◆ Caption-style text data ◆
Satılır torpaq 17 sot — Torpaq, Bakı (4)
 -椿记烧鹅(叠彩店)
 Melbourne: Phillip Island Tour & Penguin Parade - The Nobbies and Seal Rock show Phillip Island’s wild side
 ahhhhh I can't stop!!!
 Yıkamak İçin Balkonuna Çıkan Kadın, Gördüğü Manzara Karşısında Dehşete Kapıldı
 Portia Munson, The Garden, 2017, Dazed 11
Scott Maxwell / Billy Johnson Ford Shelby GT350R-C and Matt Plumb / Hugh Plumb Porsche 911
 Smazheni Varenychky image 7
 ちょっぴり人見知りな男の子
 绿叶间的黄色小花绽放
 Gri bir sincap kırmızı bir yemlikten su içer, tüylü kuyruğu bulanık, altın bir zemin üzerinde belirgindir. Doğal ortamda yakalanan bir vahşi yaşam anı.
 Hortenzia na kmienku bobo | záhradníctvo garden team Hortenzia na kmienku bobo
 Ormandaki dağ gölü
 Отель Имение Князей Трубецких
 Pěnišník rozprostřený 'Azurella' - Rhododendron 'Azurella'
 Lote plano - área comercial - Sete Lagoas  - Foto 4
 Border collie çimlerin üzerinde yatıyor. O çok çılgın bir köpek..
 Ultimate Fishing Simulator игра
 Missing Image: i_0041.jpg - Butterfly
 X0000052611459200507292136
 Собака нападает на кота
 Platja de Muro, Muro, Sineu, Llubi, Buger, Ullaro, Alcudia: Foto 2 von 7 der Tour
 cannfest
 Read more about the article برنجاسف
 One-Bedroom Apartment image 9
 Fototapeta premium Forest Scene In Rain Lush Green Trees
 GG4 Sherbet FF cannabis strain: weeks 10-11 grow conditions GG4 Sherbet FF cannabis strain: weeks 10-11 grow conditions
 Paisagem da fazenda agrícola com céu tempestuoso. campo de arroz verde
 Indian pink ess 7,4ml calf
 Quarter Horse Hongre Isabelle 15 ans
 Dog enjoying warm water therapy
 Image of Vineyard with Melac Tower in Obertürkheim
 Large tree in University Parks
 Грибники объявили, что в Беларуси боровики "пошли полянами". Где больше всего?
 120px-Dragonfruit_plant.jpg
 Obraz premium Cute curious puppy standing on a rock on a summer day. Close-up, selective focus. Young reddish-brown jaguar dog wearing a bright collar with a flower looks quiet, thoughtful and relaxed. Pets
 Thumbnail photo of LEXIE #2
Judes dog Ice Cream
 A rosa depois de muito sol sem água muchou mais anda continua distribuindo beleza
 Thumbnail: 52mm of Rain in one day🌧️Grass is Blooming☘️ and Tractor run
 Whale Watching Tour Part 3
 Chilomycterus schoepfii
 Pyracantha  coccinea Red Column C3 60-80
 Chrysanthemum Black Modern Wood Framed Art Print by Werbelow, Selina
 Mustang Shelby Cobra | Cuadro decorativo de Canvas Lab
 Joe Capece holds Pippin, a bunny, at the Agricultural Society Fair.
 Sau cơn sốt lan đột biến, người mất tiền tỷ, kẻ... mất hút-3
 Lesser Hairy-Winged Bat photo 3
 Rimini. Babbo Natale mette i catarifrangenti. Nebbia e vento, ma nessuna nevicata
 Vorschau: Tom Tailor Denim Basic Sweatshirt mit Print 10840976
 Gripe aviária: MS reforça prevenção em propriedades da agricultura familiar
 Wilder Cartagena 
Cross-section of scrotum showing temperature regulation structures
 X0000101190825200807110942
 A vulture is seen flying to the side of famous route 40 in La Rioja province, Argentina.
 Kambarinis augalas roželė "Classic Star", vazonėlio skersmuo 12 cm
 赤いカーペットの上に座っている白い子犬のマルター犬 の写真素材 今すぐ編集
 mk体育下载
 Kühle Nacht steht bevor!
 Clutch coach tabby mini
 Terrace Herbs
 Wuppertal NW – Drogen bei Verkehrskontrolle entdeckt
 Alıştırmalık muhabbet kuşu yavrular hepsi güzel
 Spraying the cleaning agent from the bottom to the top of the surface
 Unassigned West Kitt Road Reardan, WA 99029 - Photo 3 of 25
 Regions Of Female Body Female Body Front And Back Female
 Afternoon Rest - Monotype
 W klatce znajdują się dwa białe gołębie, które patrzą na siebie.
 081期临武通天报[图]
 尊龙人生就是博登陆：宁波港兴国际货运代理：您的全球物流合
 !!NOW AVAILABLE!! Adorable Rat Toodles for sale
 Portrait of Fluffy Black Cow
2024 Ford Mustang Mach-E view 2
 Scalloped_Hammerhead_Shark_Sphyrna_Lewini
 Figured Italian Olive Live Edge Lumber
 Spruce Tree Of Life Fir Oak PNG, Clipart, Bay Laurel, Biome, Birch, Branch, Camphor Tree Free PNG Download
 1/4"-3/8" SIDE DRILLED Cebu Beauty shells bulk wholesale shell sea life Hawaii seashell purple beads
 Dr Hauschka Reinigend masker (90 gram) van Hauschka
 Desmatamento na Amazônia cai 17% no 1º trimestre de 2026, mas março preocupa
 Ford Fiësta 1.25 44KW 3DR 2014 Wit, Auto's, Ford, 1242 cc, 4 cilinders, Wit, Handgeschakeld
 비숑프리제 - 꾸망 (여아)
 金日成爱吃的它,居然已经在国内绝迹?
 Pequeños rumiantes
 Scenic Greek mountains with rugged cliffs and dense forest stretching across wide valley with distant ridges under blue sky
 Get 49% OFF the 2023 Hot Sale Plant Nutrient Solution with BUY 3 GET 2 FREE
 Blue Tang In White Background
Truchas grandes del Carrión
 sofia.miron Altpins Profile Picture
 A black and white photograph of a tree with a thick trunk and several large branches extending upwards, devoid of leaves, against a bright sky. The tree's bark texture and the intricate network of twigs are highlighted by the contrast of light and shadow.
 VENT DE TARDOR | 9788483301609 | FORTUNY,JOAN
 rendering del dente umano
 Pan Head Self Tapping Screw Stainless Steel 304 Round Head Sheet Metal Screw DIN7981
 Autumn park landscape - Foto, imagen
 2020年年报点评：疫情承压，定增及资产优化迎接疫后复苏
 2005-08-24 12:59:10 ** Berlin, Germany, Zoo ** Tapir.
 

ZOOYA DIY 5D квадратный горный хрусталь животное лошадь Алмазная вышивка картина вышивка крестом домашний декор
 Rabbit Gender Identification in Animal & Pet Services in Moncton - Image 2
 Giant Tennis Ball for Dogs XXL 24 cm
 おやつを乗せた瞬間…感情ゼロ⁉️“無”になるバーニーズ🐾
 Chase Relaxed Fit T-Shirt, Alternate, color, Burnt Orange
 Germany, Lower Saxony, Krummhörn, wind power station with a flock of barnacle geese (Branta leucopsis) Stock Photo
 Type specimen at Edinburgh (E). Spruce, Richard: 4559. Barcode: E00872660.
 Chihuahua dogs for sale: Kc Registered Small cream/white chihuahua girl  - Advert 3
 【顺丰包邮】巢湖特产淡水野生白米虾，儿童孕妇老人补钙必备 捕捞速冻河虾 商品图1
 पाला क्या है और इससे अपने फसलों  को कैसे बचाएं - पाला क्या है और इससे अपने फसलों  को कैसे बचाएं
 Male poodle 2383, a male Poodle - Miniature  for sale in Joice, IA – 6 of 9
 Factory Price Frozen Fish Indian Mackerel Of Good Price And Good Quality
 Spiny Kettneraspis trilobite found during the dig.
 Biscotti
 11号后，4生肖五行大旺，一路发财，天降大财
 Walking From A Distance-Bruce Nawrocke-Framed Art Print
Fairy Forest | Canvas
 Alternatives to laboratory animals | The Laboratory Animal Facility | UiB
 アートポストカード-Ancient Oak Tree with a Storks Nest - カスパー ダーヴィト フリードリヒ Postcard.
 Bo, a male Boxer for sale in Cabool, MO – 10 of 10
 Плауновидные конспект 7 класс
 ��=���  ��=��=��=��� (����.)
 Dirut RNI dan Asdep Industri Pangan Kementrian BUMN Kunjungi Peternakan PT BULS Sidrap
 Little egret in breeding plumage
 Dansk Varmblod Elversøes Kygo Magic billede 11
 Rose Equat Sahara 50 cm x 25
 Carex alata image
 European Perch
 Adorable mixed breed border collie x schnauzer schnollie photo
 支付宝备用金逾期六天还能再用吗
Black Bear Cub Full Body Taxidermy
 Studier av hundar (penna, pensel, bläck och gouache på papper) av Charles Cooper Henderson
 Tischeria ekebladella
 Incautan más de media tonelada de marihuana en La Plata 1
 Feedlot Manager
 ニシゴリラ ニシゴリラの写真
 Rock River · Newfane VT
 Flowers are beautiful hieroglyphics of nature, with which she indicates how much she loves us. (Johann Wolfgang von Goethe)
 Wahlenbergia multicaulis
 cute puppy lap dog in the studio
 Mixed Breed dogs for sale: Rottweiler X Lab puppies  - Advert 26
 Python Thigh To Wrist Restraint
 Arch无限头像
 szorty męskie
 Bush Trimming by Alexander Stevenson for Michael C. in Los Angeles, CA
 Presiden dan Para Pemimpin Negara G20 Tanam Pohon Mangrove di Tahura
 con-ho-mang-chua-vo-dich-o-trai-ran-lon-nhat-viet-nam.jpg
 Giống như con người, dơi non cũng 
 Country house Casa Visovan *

◆ Task description ◆
The response must hold only the lines above from the line with "Dog enjoying warm water therapy" through the line with "X0000101190825200807110942", each copied exactly, both ends kept.

◆ Result of this exercise ◆
 Dog enjoying warm water therapy
 Image of Vineyard with Melac Tower in Obertürkheim
 Large tree in University Parks
 Грибники объявили, что в Беларуси боровики "пошли полянами". Где больше всего?
 120px-Dragonfruit_plant.jpg
 Obraz premium Cute curious puppy standing on a rock on a summer day. Close-up, selective focus. Young reddish-brown jaguar dog wearing a bright collar with a flower looks quiet, thoughtful and relaxed. Pets
 Thumbnail photo of LEXIE #2
Judes dog Ice Cream
 A rosa depois de muito sol sem água muchou mais anda continua distribuindo beleza
 Thumbnail: 52mm of Rain in one day🌧️Grass is Blooming☘️ and Tractor run
 Whale Watching Tour Part 3
 Chilomycterus schoepfii
 Pyracantha  coccinea Red Column C3 60-80
 Chrysanthemum Black Modern Wood Framed Art Print by Werbelow, Selina
 Mustang Shelby Cobra | Cuadro decorativo de Canvas Lab
 Joe Capece holds Pippin, a bunny, at the Agricultural Society Fair.
 Sau cơn sốt lan đột biến, người mất tiền tỷ, kẻ... mất hút-3
 Lesser Hairy-Winged Bat photo 3
 Rimini. Babbo Natale mette i catarifrangenti. Nebbia e vento, ma nessuna nevicata
 Vorschau: Tom Tailor Denim Basic Sweatshirt mit Print 10840976
 Gripe aviária: MS reforça prevenção em propriedades da agricultura familiar
 Wilder Cartagena 
Cross-section of scrotum showing temperature regulation structures
 X0000101190825200807110942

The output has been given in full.